Da questi tre principi Jenkins disegna un quadro mediale in cui media vecchi e nuovi collidono, cercando nuovi spazi sociali d’azione attraverso tattiche e strategie innovative. In questo scenario i consumatori dei media – tra cui ovviamente gli spettatori cinematografici – sono consapevoli del potere derivante dalla loro aggregazione, che ha luogo in spazi fisici così come nelle community online, attraverso una massiccia interazione che può dar luogo al consenso verso alcuni culti mediali (consensus cultures

or agreement-based), alla creazione, condivisione e commento di artefatti in ambienti

regolati (creative cultures), al dibattito su argomenti di interesse personale o professionale (discussion cultures) (Jenkins 2013). Sfruttando l’intelligenza collettiva e il potere mediatico che ne deriva, i fan, forti della risonanza mediale e sociale delle proprie azioni, possono negoziare con le industrie culturali. È nel riconoscimento di questa dialettica tra produzioni mainstream e grassroots, tra industria e fandom, che risiede il portato euristico della riflessione jenkinsiana. Nella capacità creatrice delle fan cultures (fanfiction,

fanvideo, ecc.) si dispiega tutta la loro complessità, tale da imporre “la necessità di

ridefinire le politiche della lettura, per considerare la proprietà testuale non in quanto dominio esclusivo di chi produce il testo, bensì aperta alla riappropriazione da parte di chi consuma quel testo” (Jenkins 2008: 58).

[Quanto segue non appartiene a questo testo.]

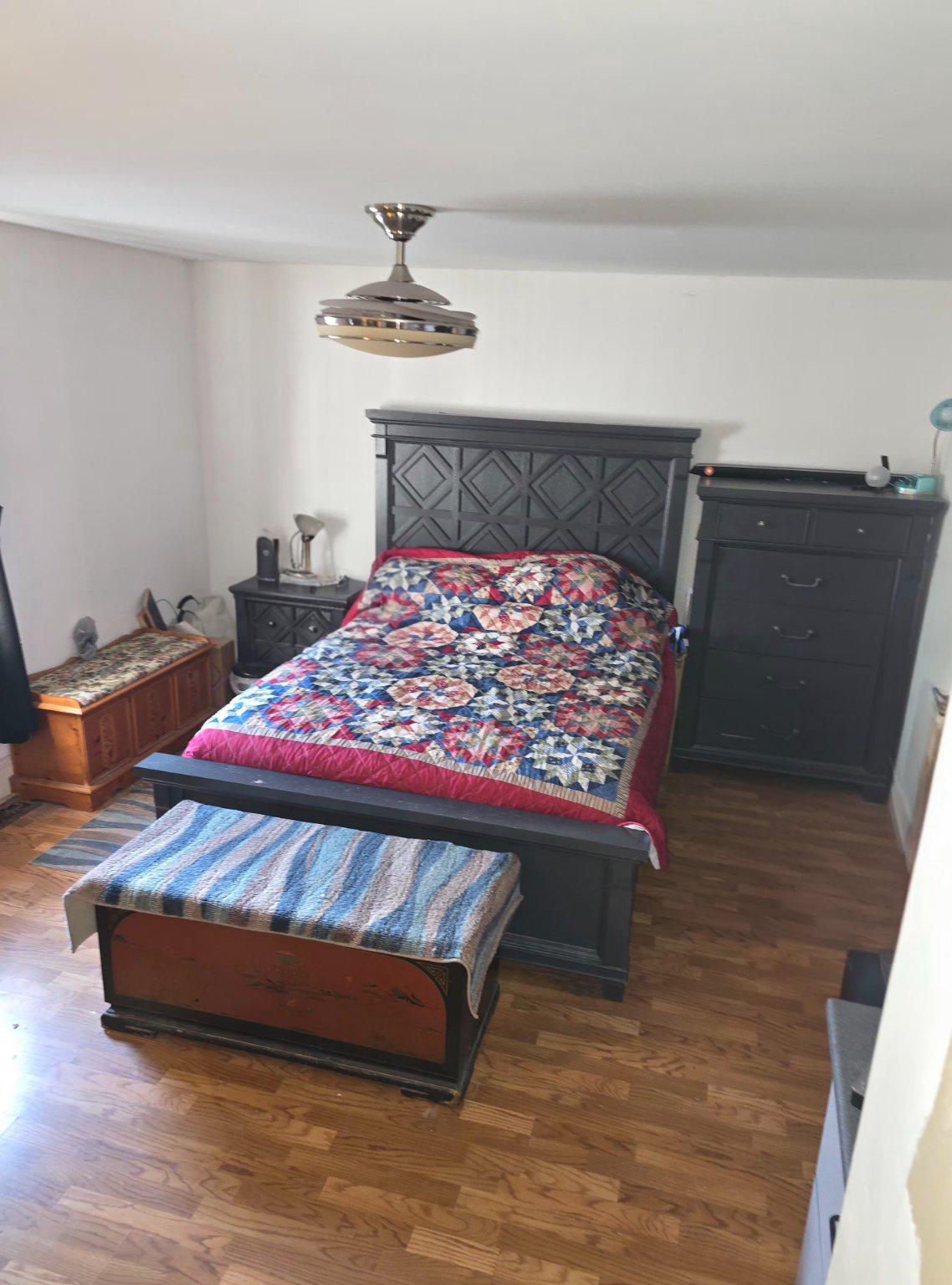 566 New Britain Road Doylestown, PA 18901 - Photo 11 of 11 a bedroom with a bed and a mirror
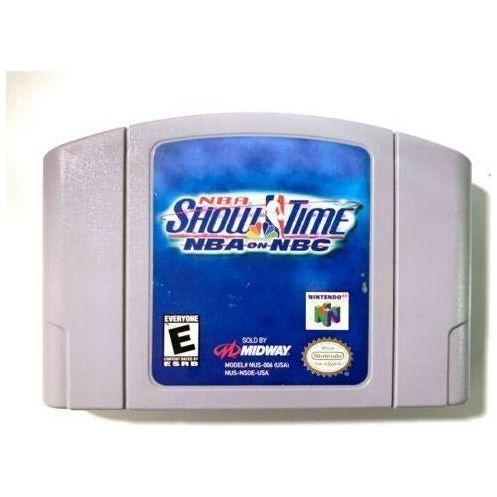 N64 - NBA Showtime NBA on NBC (Cartridge Only)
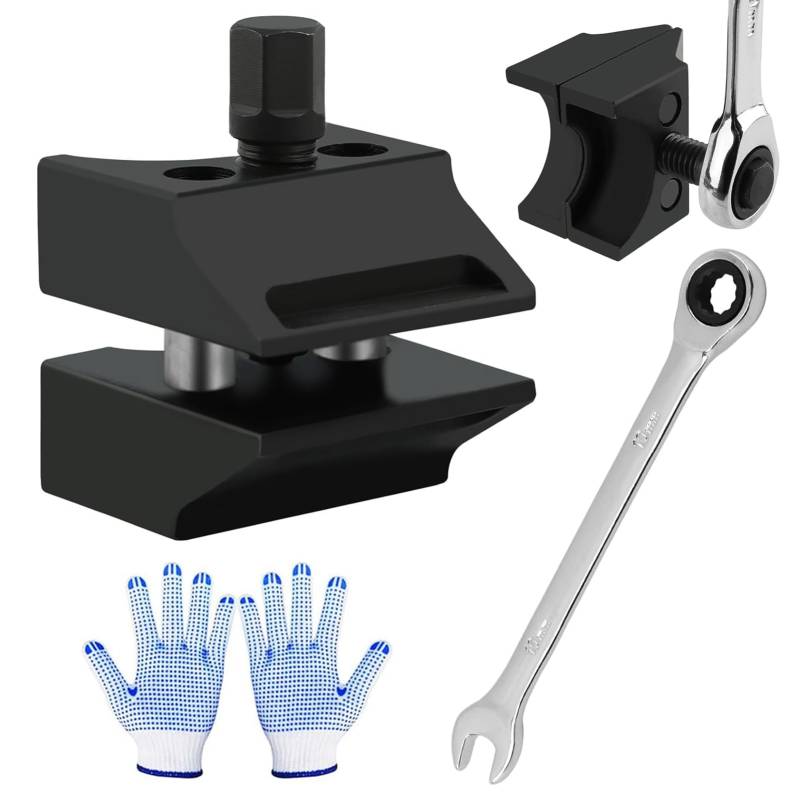 Auto Suspension Split Hub,Spreizer Werkzeug kfz,Auto Lenkungs Spreizwerkzeug,Auto Federbein Naben Achsschenkel,Universal Auto Achsschenkel Spreizer,auto achsschenkel spreizer mit schraubenschlüssel von JEONDFG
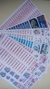 Stickers de pappel fotográfico - Tina Confecciones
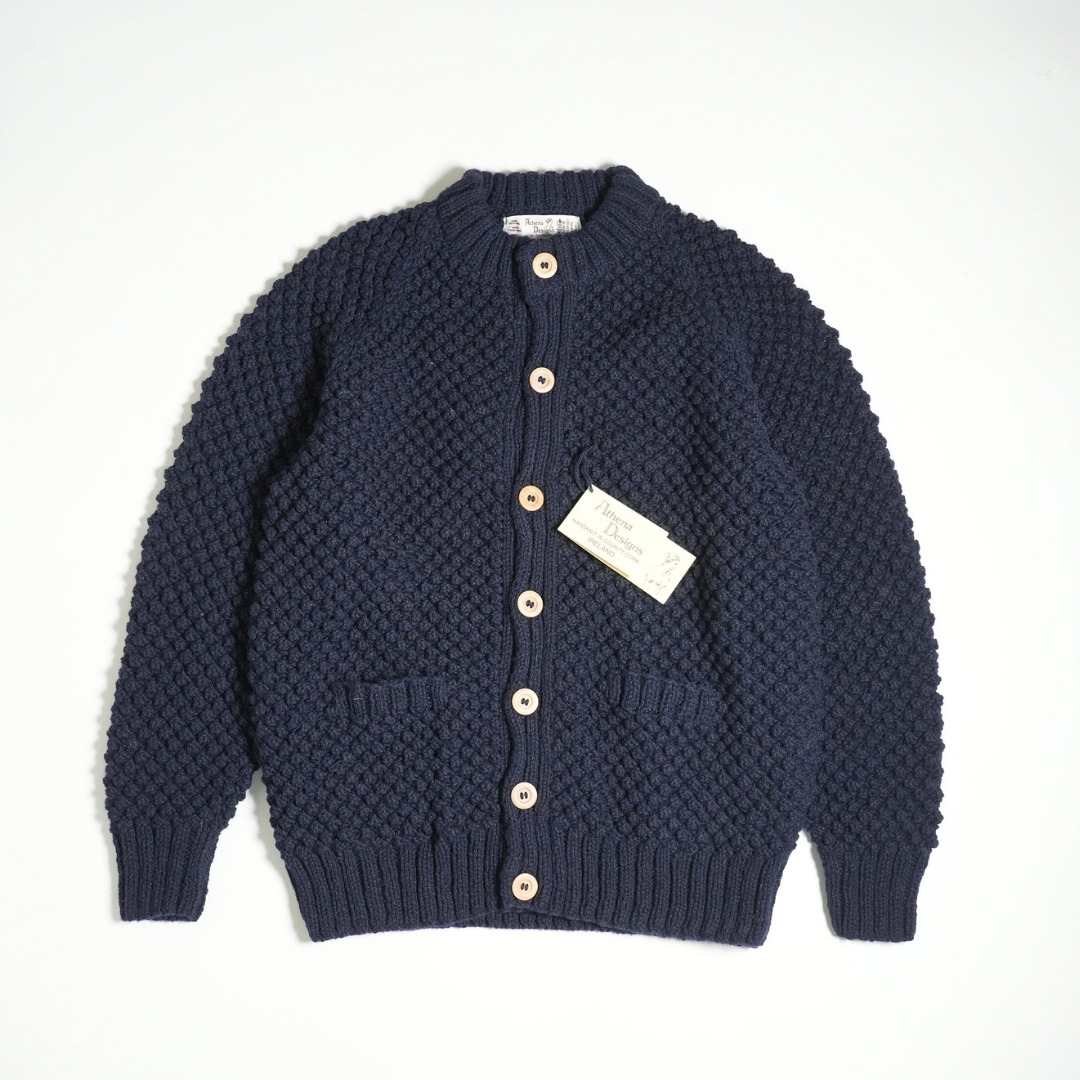 Athena Designs（アテナデザイン） GentsPopcorn Knit Cardigan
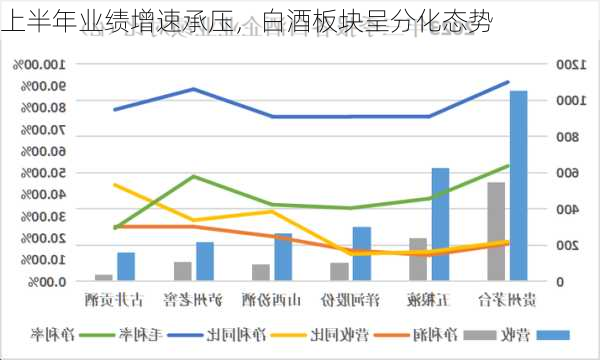 上半年业绩增速承压，白酒板块呈分化态势-第2张图片-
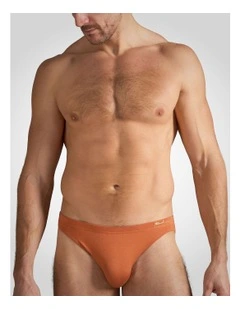 Body Bamboo Bikini Brief in Bronze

L’attivismo dei fan, dunque, porta a ripensare i processi di progettazione della produzione, il marketing e la distribuzione e conferisce alla cultura contemporanea quella vitalità rigenerante garantita dall’investimento emotivo e passionale di chi se ne nutre quotidianamente nell’era digitale. Sebbene più recentemente (Jenkins, Ford, Green 2013), lo studioso americano abbia temperato gli entusiasmi, giudicando più una “riforma” che una “rivoluzione” il protagonismo delle audience nella società contemporanea, il senso di una frattura negli schemi consolidati di relazione tra produttori e consumatori sembra indiscutibile: infatti, “i linguaggi digitali pervadono l’orizzonte della co-evoluzione fra sistema dei media (...) e società; innescano un cambiamento socio-antropologico in direzione postumana che riguarda la ‘forma persona’, elaborano il senso che presiede alle

dinamiche relazionali e neo-tribali” (Boccia Artieri 2008: 7). Alle pratiche con cui gli spettatori/fan “abitano” e “arredano” l’immaginario cinematografico, in termini di appropriazione, condivisione simbolica, interpretazione comunitaria e produzione culturale grassroots, sarà dedicato uno spazio ad hoc nelle pagine successive.